Le processus d’évaluation initiale dans la présente plainte

  1. Les mesures prises par l’OCRE lors de l’évaluation initiale de cette plainte ont été les suivantes :
    1. Examen sur dossier de la plainte.
    2. Réunion virtuelle avec les représentants des plaignants le 18 novembre 2022.
    3. Réunion virtuelle avec l’avocat de Nike Canada Corp. le 19 janvier 2023. (Cette réunion n’était pas une réunion d’évaluation initiale. L’OCRE a répondu aux questions de l’avocat sur le processus de traitement des plaintes).
    4. Recherche documentaire sur les rapports universitaires et les déclarations des entreprises.

Ce que les plaignants ont rapporté à l’OCRE

  1. Au cours de la réunion d’évaluation initiale du 18 novembre 2022, les plaignants ont exprimé leur volonté de participer à une résolution rapide ou à une médiation, y compris en acceptant des conditions de confidentialité. Les plaignants sont disposés à travailler à une résolution systémique qui ne nomme pas Nike Canada Corp. et qui trouve des solutions pour aborder le recours possible au travail forcé des Ouïghours et qui aiderait les entreprises canadiennes de vêtements à faire preuve de diligence raisonnable appropriée en matière de droits de la personne dans ce contexte à haut risque. Les plaignants ont également indiqué que, compte tenu de la complexité de déterminer l’origine des textiles, en particulier de ceux provenant du Xinjiang, il est préférable que les entreprises de vêtements utilisent la technologie permettant de déterminer l’origine de la fibre textile pour cartographier leurs chaînes d’approvisionnement, de la fibre à la vente au détail.
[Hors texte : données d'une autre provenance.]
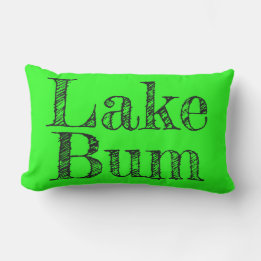 cool lime green and black LAKE BUM typography Lumbar Cushion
Réponse de Nike Canada Corp. à la plainte

  1. Le 16 février 2023, Nike, Inc. (la société mère de Nike Canada Corp.) a répondu à la plainte et a refusé de participer à une réunion d’évaluation initiale avec l’OCRE. Nike, Inc. a exprimé son engagement en faveur d’une fabrication éthique et responsable et a orienté l’OCRE vers les déclarations suivantes :
    1. Réponse de Nike, Inc. au rapport de l’ASPI (en anglais seulement (PDF))
    2. Déclaration de Nike, Inc. sur le travail forcé, la traite des personnes et l’esclavage moderne pour l’exercice 2022 (en anglais seulement)

    En fournissant les déclarations ci-dessus, Nike, Inc. soutient avoir pris en compte toutes les allégations devant être traitées. Le contenu des déclarations est résumé aux paragraphes 10 à 12.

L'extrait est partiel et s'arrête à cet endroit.